分类:专业日志 | 固定链接 | 评论: 0 | 引用: 0 | 查看次数: 33

Choice of Forum in the Possible GoogleCN Dispute

As I have discussed in a previous entry, if Google’s ICP license is conditioned to provide filtered web search results, Google may not provide search engine service via Google.cn anymore. Google.cn may become a hub of Google’s services designed specifically for China’s market. Until today, the renewal of the ICP license for Google.cn is still pending, and the webpage located at Google.cn is still a simple link to Google.com.hk. In this post, I'd rather to discuss a more lawyering thing: is there any difference between shutting down Google.CN and blocking Google.COM.HK?

Yes, they are different.

If a service provided by Google China, a Chinese company, were shut down by the government, the forum of questioning such shutting down should be Chinese judicial or administrative dispute resolutions. The game players thus are Google China and specific government agency who makes the decision. If Chinese law do request ISPs filterring the search result,  then Google would hardly be a winner of the that kind of dispute (even regardless the "political influences" to the cases).

If an online service provided by Google Inc. (a corporation in California), or Google.com.hk (operated by a company registered in Hong Kong) were denied to be accessed by China's government, a new forum could be chosen by Google - WTO.

Yes, a complaint at WTO's DSB should be filed by a government. But the industry would always be an initiative force of the international trade disputes. Furthermore, because Chinese court has not been empowered to review the legality of administrative regulations, reviewing them through an international institution can at leaste be one of the choices of challeging those regulations. 

Now the question is: whether China is burdened to open search engine market to foreign companies?

China has made its sectoral commitments  on providing market access for some "telecommunications services". Specifically, China committed to open the market for "data/online processing services", which is the class 843 of the UN Central Product Classfication (CPC). But China did not promise to open market for "database services", which is CPC 844.

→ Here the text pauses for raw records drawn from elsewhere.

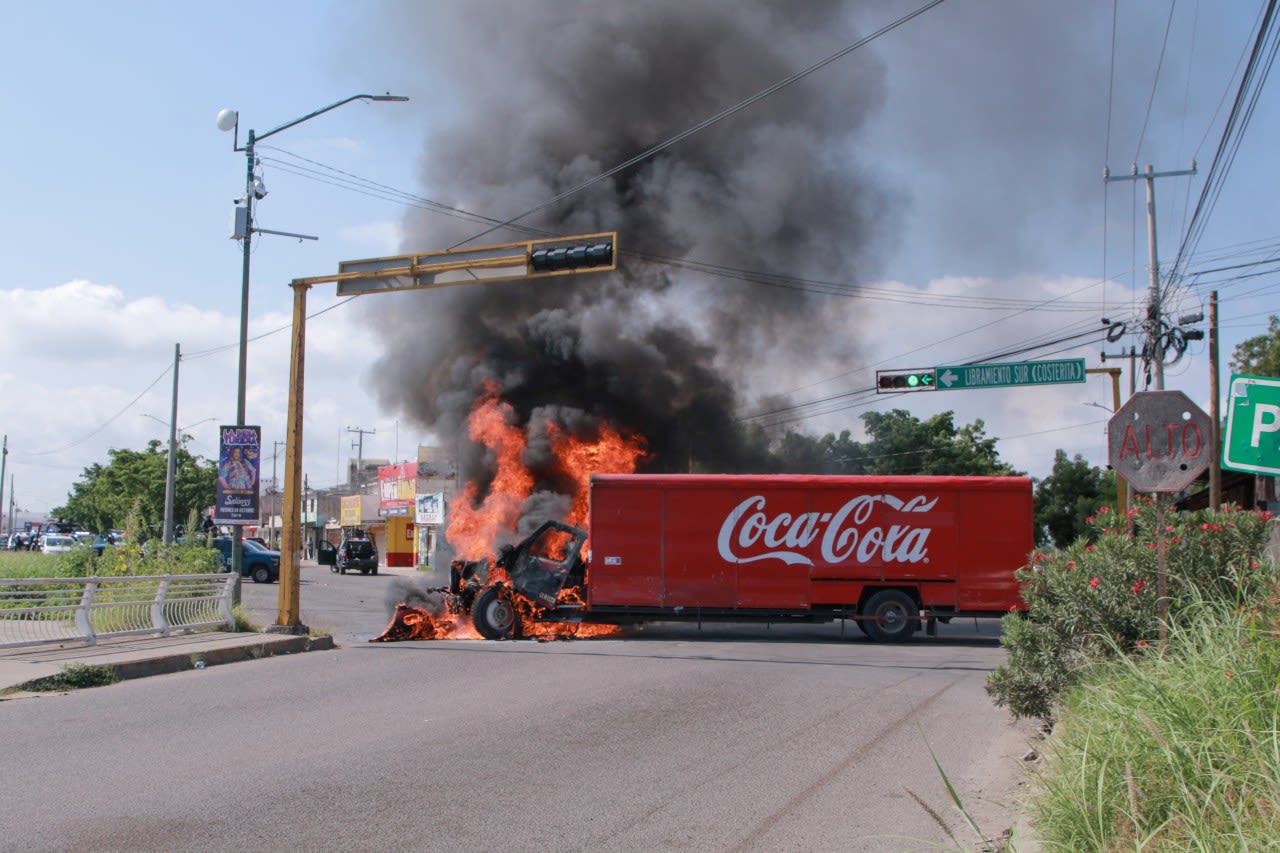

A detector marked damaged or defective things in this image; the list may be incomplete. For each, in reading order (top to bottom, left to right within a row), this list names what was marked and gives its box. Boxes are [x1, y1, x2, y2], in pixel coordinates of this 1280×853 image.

charred truck frame [440, 471, 1029, 637]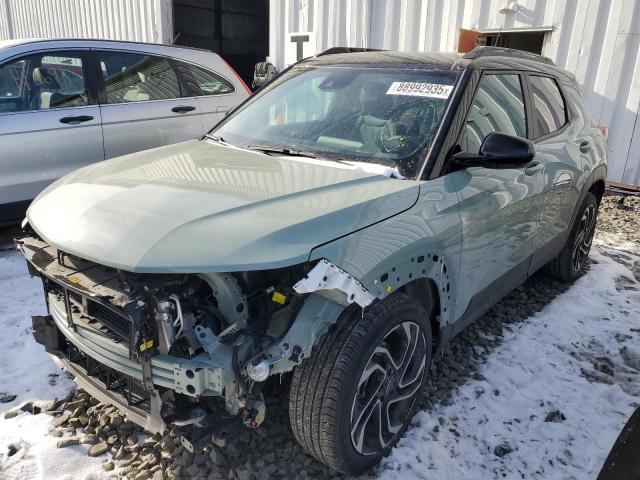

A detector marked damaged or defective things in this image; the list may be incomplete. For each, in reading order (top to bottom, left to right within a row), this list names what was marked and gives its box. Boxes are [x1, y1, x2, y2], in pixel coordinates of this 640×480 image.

crushed front end [16, 232, 336, 450]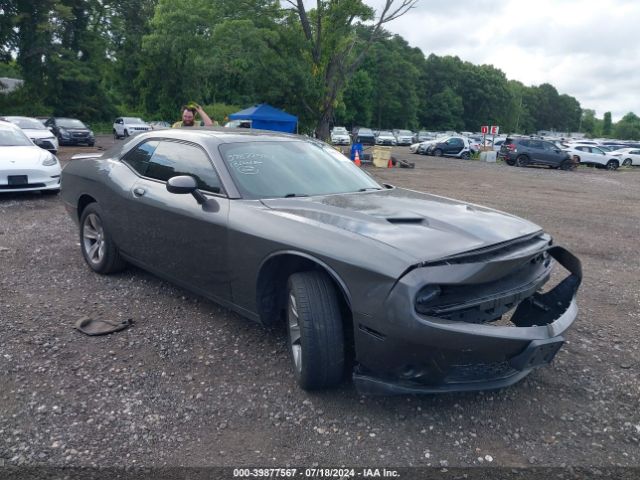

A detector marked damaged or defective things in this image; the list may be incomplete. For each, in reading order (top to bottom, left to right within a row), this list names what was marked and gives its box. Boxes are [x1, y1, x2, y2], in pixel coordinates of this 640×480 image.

damaged front end [352, 234, 584, 396]
damaged front bumper [352, 242, 584, 396]
detached bumper cover [352, 246, 584, 396]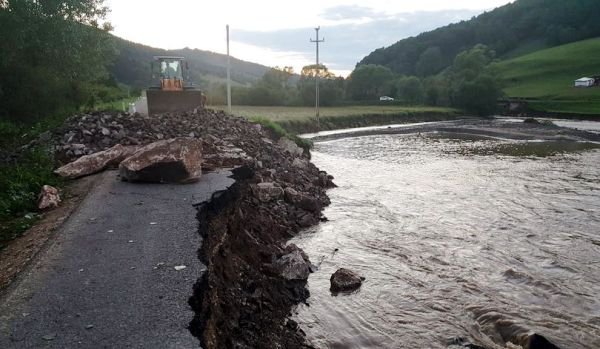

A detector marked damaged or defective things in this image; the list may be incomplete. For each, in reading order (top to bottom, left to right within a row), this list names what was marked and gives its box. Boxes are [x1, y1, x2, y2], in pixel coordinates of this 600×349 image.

cracked asphalt [0, 169, 233, 346]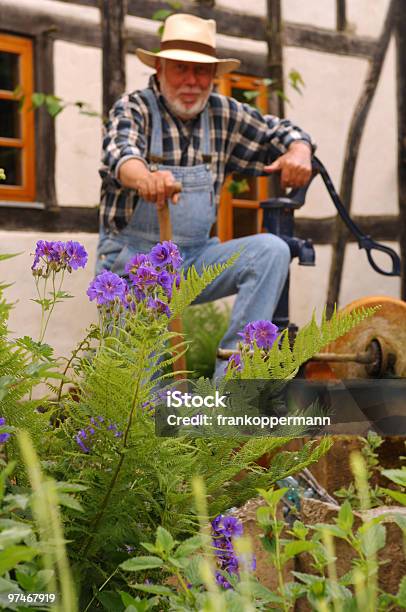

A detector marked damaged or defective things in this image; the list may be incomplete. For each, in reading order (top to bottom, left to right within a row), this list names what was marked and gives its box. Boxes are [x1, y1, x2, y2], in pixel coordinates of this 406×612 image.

In the 2009 version of the CPC, the "web search portal content" has been included in CPC 843. Although China's commitments was made based on the CPC in 2001, some WTO cases (shrimp-turtle case, and Gambling case) has supported an evolutionary approach or a dynamic approach. Both of them would be good for including search engine service in China's commitments.

The next question is: whether China's activities constitute a violation of its commitments? That would be a much longer discussion. And I would not be able to illustrate it at the current stage. Anyway, an overall strategy is of very important for both parties. Before stepping forward, both Google and China's government officials should pay attention to the differences between "blocked" and "shut down", and between domestic law and international law.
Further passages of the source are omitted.